■ Your task: Retype each record below word for word. Leave the pictures out.

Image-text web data
···

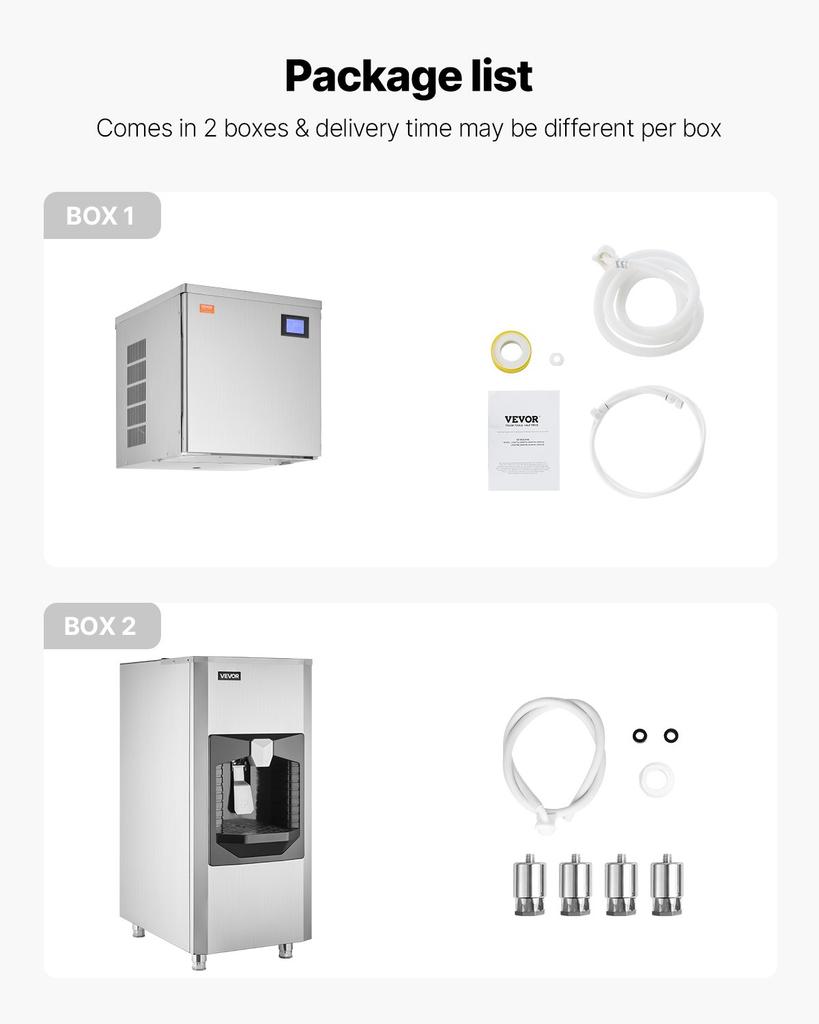 VEVOR Commercial Ice Maker, 400 Lbs/Day Ice Maker Machine, 180 Lbs Large Ice Storage Bin with 20 Lbs/Min Automatic Ice Dispensing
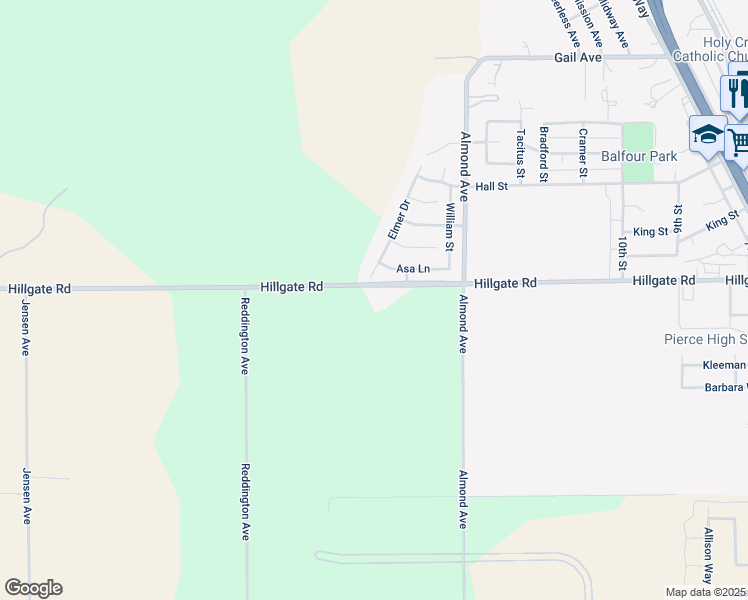 map of restaurants, bars, coffee shops, grocery stores, and more near 6548 Hillgate Road in Arbuckle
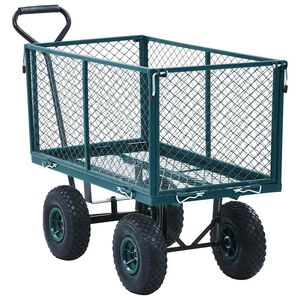 vidaXL dārza ratiņi, zaļi, 350 kg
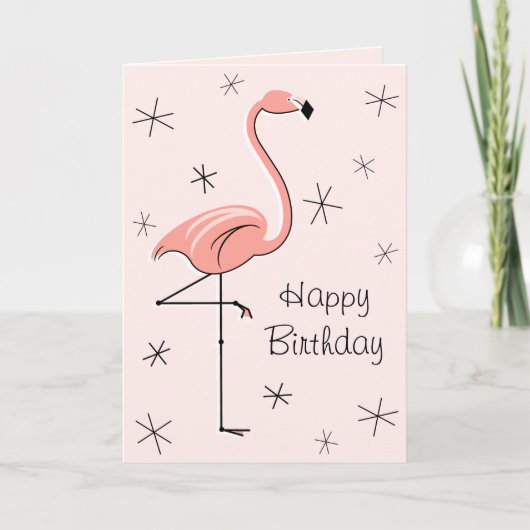 Carte Flamant rose rose heureux Anniversaire avant texte (Devant)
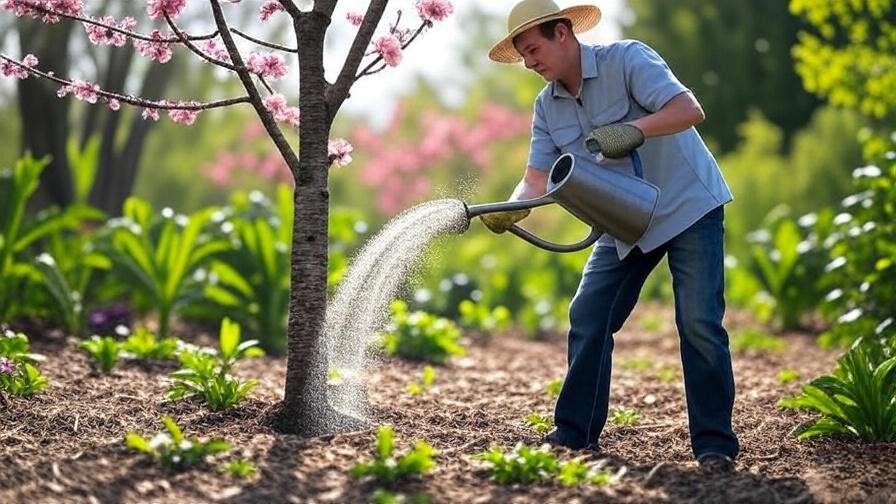 Gardener applying chelated iron fertilizer to cherry tree with mulch and watering can in garden."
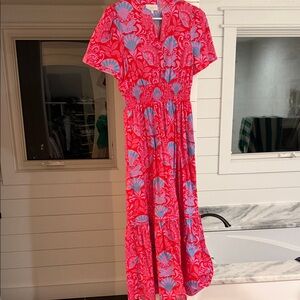 Sugarlips Vibrant Red and Blue Maxi Dress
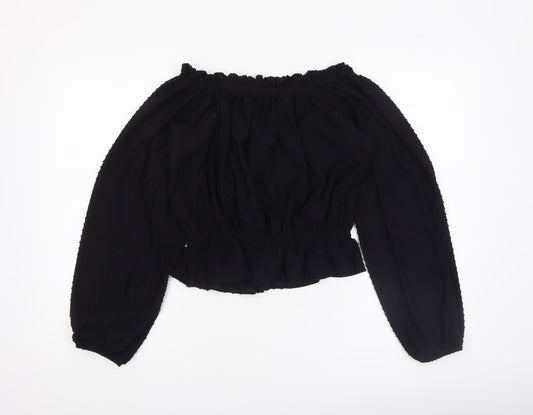 Womens UK Size S H&M Black Cropped Blouse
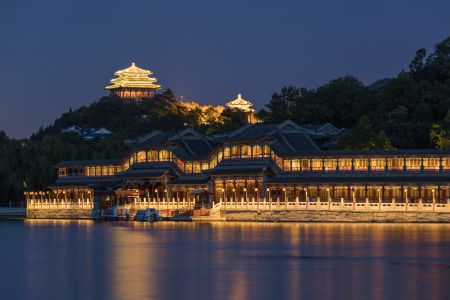 建筑,北海,公园,建筑夜景,传统建筑,中国,北京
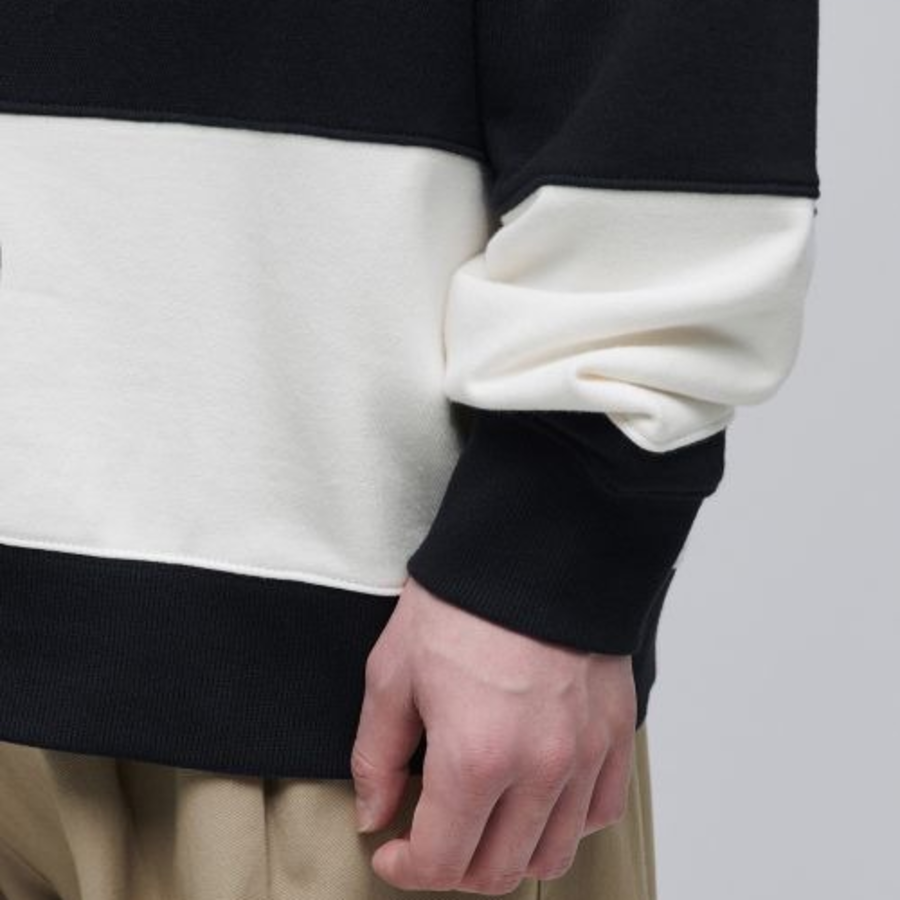 Musinsa Standard Oversized Stripe Rugby Sweatshirt – Black/White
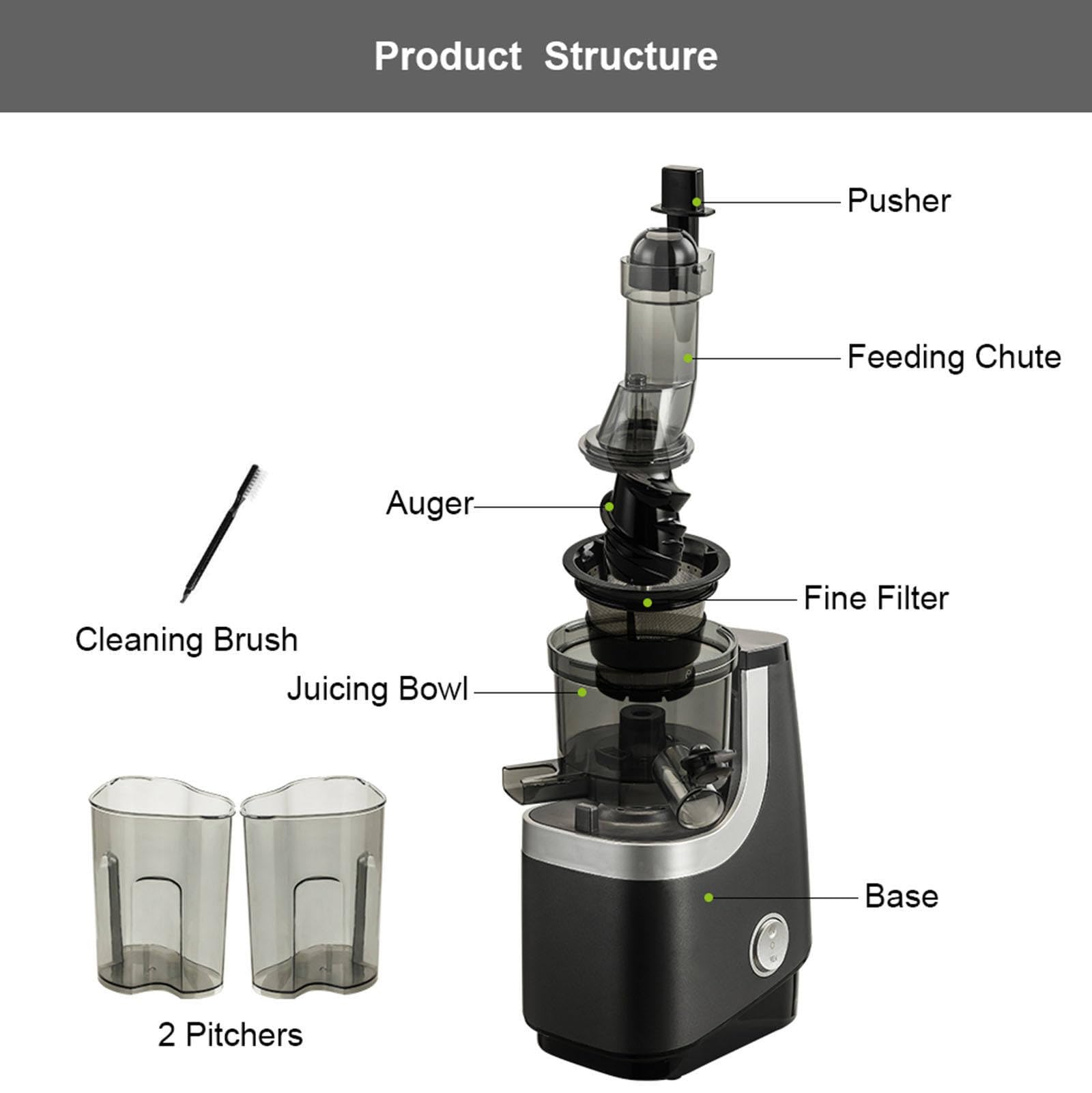 Presse-agrumes à froid, extracteur à mastication lente, haut rendement de jus, grande goulotte pour une extraction efficace des jus de légumes et de fruits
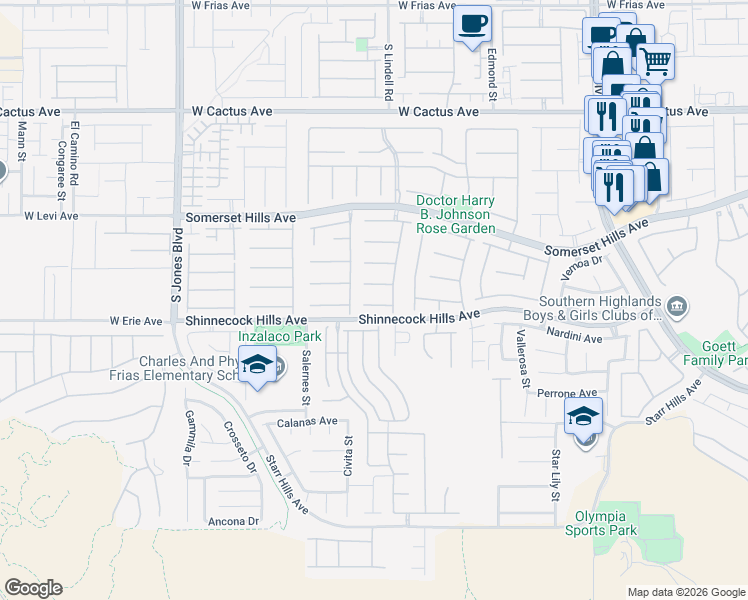 map of restaurants, bars, coffee shops, grocery stores, and more near 5487 Villa Lucia Court in Las Vegas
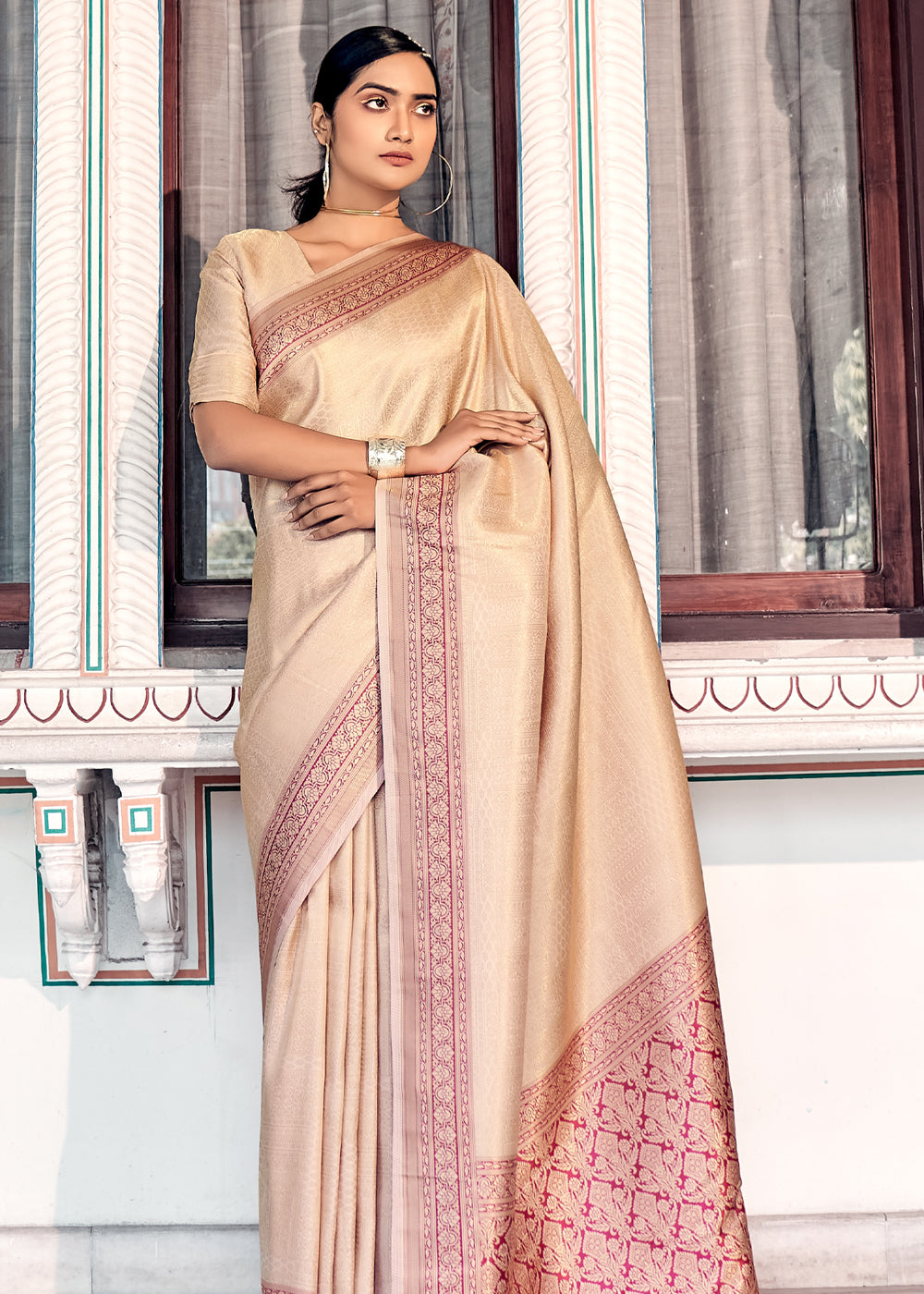 Buy MySilkLove Givry Cream Woven Kanjivaram Silk Saree Online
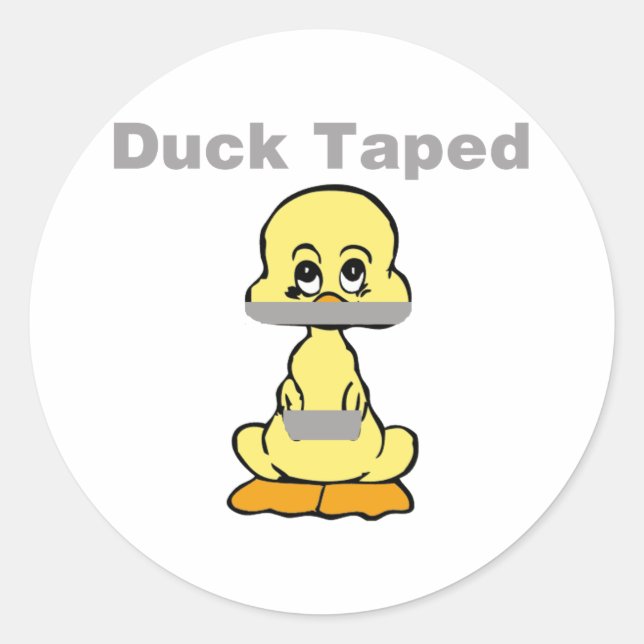 Duct Tape Humour Yellow Duck Taped Classic Round Sticker (Front)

···

■ Result:
 VEVOR Commercial Ice Maker, 400 Lbs/Day Ice Maker Machine, 180 Lbs Large Ice Storage Bin with 20 Lbs/Min Automatic Ice Dispensing
 map of restaurants, bars, coffee shops, grocery stores, and more near 6548 Hillgate Road in Arbuckle
 vidaXL dārza ratiņi, zaļi, 350 kg
 Carte Flamant rose rose heureux Anniversaire avant texte (Devant)
 Gardener applying chelated iron fertilizer to cherry tree with mulch and watering can in garden."
 Sugarlips Vibrant Red and Blue Maxi Dress
 Womens UK Size S H&M Black Cropped Blouse
 建筑,北海,公园,建筑夜景,传统建筑,中国,北京
 Musinsa Standard Oversized Stripe Rugby Sweatshirt – Black/White
 Presse-agrumes à froid, extracteur à mastication lente, haut rendement de jus, grande goulotte pour une extraction efficace des jus de légumes et de fruits
 map of restaurants, bars, coffee shops, grocery stores, and more near 5487 Villa Lucia Court in Las Vegas
 Buy MySilkLove Givry Cream Woven Kanjivaram Silk Saree Online
 Duct Tape Humour Yellow Duck Taped Classic Round Sticker (Front)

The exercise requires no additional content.